> What the task asks
Apart from the pictures, the listing is to be returned exactly.

> Collected material
▽

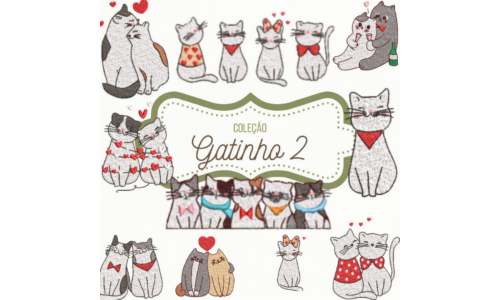 Matrizes de Bordado - Coleção Gatinho 2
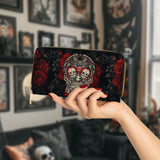 Gothistar Memento Noire Leather Wallet Purse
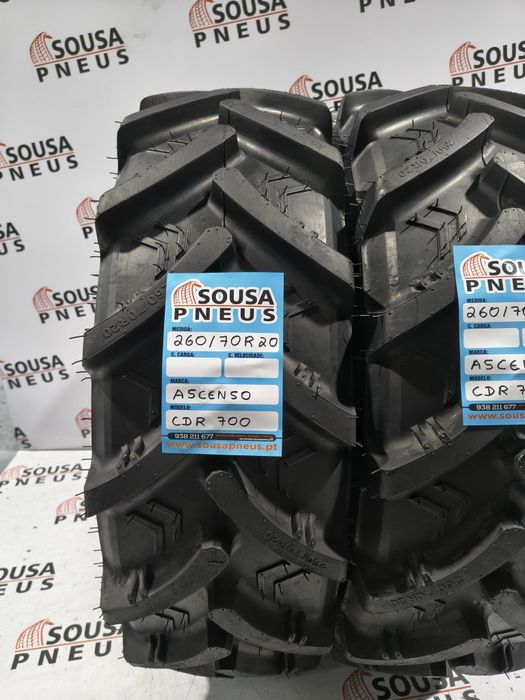 2 pneus NOVOS Agrícolas 260-70R20 Ascenso - Oferta dos Portes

△

> Exercise result
 Matrizes de Bordado - Coleção Gatinho 2
 Gothistar Memento Noire Leather Wallet Purse
 2 pneus NOVOS Agrícolas 260-70R20 Ascenso - Oferta dos Portes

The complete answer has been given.